THE IMPORTANCE OF DUE DILIGENCE

Due diligence in the world of IP is the process of identifying and assessing the IP rights as part of a buy-out or when an investor makes an investment into a business. It often involves the compilation of a list of the IP and perhaps an assessment of the validity of the IP rights. However, for due diligence to truly effective, we must move beyond the facts. To consider only the spreadsheets and bare validity opinions makes an assumption that the investor is investing in the IP alone. The reality is that investment in a technology based business is typically much more. It is an investment in its ideas, products, people and plans. Accordingly, the due diligence programme should account for this and then it can reveal much more valuable information.

So what are some of the key topics that should be covered when performing due diligence?

Ownership

Innovation, especially in start-ups but also in scale-ups, can occur before commercial relationships and business processes have been formally defined, which can make determining IP ownership less clear-cut. Generally, the IP owner can be traced back to the creator of the IP. The entitlement to the ownership of rights initially resides with the creator, although there may be an automatic transfer of entitlement arising from employment or contractual obligations. If there are co-creators of the IP, there is the possibility of multiple parties being jointly entitled to the ownership of the IP. Thus, for example, if the IP has been developed in collaboration with a university, consultant or other third party, it is important to check that agreements are in place to clearly transfer ownership of any IP rights to the company. Since an IP right can be challenged on grounds of the rights holder lacking entitlement to ownership, it is crucial to correctly identify the IP creator which will then enable the IP owner to be identified. If ownership issues are identified it is normally possible to draw up agreements to tidy matters up provided the appropriate signatories are available and willing. It is therefore reassuring when buying or investing in a business to see that they maintained an open dialogue about IP ownership and kept clear records of the inventors.

Knowledge

Patents aren’t the only part of an IP portfolio. As well as design and trade mark rights, some of the most valuable assets for a technology company can be trade secrets. It is easy to understand that trade secrets relating to techniques for improving yield in a manufacturing process, for example, are valuable and may not be the subject of a patent but have significant worth. However, less obvious information relating to the research and development can be just as valuable, such as details of failed experiments and tests, which could save valuable time when new problems are encountered. Clearly, the trade secrets of Oxis Energy are not public knowledge but a buyer should ensure the trade secrets and know-how they are acquiring as part of the deal are understood.

Synergistic IP strategy

When IP is an important part of a business a buyer or investor will want to see a close synergy between the IP strategy and the business plan. The presence of a solid IP strategy that shows an understanding of how the IP rights will help to deliver the business plan is reassuring. It demonstrates that the company understands its commercial objectives and responsibilities, including how any investment will be safeguarded during future funding rounds or at exit. It is always encouraging to see IP being discussed at board level, as well as a disciplined approach to processes such as an established innovation capture process and evidence of an internal IP register.
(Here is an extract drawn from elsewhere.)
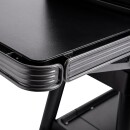 Traeger Pelletgrill Smoker Ironwood XL mit Touchscreen Display und 2 Fleischsonden #1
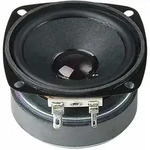 Frs 8 M - 8 Ohm - 8 Cm 33 Hifi Full Run Lautsprecher 49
Relevance to the business plan

Seeing that patent applications have been filed as new products and processes are invented is reassuring but it is important to go a step further and ask if the IP rights were acquired and maintained with focus and an eye on the direction of the business. An effective due diligence process should map the rights to the products that are sold and the commercial opportunities described in the business plan to determine if the business has the necessary rights to support the longer term objectives. Prosecuting patent applications and maintaining IP rights around the world can be costly but the expense is wasteful if the IP rights and the business aims have become misaligned as time has gone by.

Handling risk

It is possible that third parties have IP rights that prevent the free exploitation of the IP of a company. Thus, even if a patent has been granted, for example, to a new electrode processing technique, it is still possible to infringe a third party right, which may be directed to the underlying electrode material. An effective IP due diligence process will examine how thoroughly the company has explored its freedom to operate (FTO) position and what steps they have taken to mitigate for any risks that may have been identified. FTO is not an issue that can be left until an opportunity to exit presents itself.

Ultimately, the due diligence required for acquisition of IP is much more than spreadsheets and searches. Due diligence should cover the facts along with how the IP supports the business and how the business manages the IP. This involves understanding the business plan, the knowledge and people in the business and the wider business landscape.